Today I left work, left that sanctuary of busyness, and decided to go to a coffee shop and finish a novel by David James Duncan, called the Brother K. I hope I get to write about that novel soon- I thought it was beautiful, and filled with so much love and charity and joy- but tonight it is not the thing I’m writing about. When I finished the novel, I felt as if all the love he’d infused into it, all the deep deep hearted acceptance of the world, and love for it, had seeped into me, and I walked home through the wet mist and the traffic noise and the clouds obscuring the stars and felt the thrumming, patient goodness below it all. I felt kissed on the forehead, and felt my heart reach out to bless the trees and the strangers I came across and the homes with lights on and the homes in darkness.
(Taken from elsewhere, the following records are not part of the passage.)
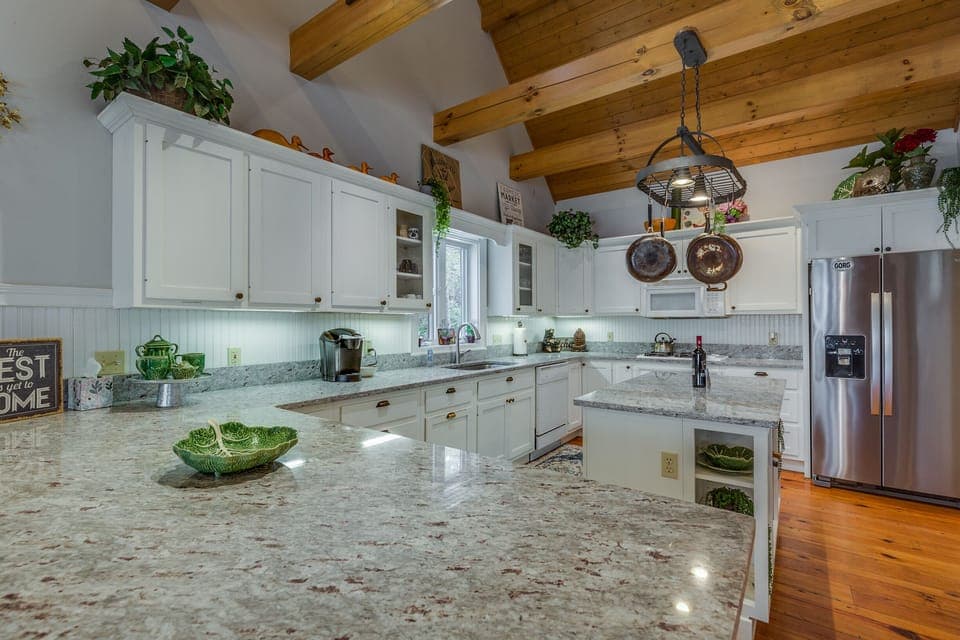 The open kitchen has loads of granite counter space.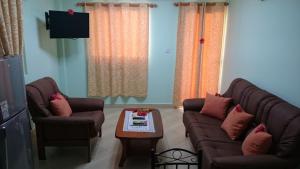 ein Wohnzimmer mit 2 Sofas und einem Couchtisch in der Unterkunft Villa Bedier Self-catering Apartments in Baie Sainte Anne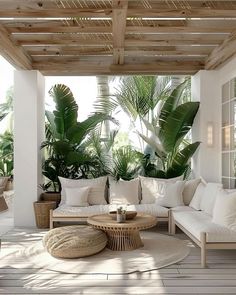 an outdoor living room with white furniture and plants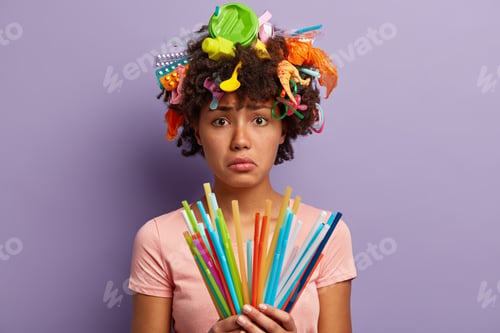 Preview: Sad Afro American Woman Holds Colorful Straws, Wants To Reduce Amount Of Plastic Waste In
Then I came home and read that a Christian writer whose works I admire more than I know how to say, and whose struggle to follow Christ’s example of bondless limitless love was a crucial thing for me to read, when it comes to reconciling myself with my once family, then bitter enemy, the American Christian Church, as well as giving me a much needed example myself in those very same lessons, had passed away.
His passing was not unexpected. He was in the end stages of cancer. He was surrounded by his wife and family, and he died the day after Easter.
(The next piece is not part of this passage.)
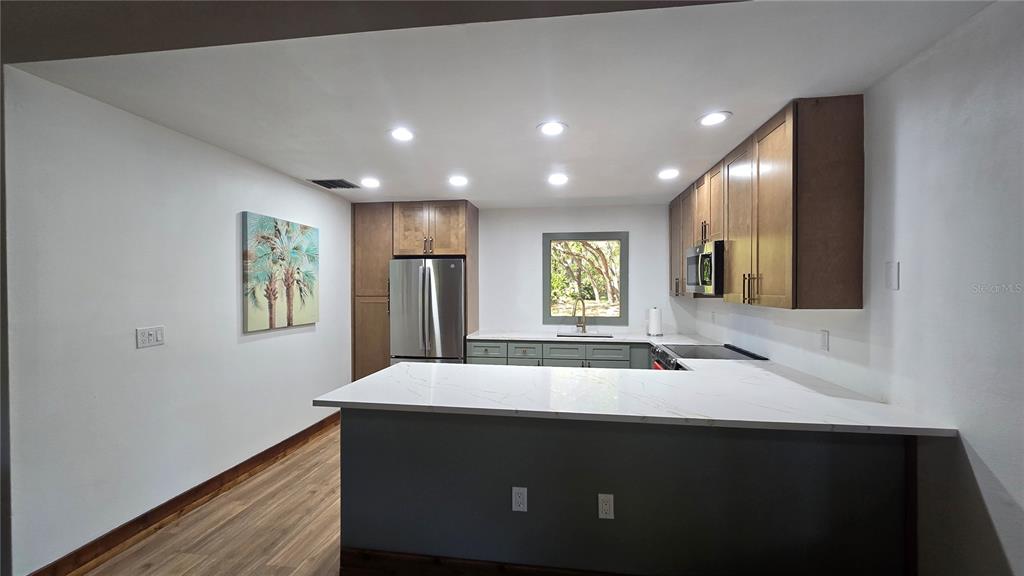 406 Lennox Road West Palm Harbor, FL 34683 - Photo 33 of 40 a kitchen with a sink and a refrigerator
He was a man who truly gave himself up to Christ, in a way I have not previously seen in my life, and whose giving was a joyful, inspiring, terrifying, brave, honest, brutal, amazing thing.
I cannot help but be grateful that his friends and family have Christ’s resurrection to look to for hope. I cannot help but be moved to awe that he also has that story in his heart. I know that soon enough I’ll be sad and broken for the loss of him, because his writing has been a beacon for me (and I know for so many other people)- but tonight all I can think of is gratitude for him, and for his God, that they get to be reunited. It must be a joyful thing for them both.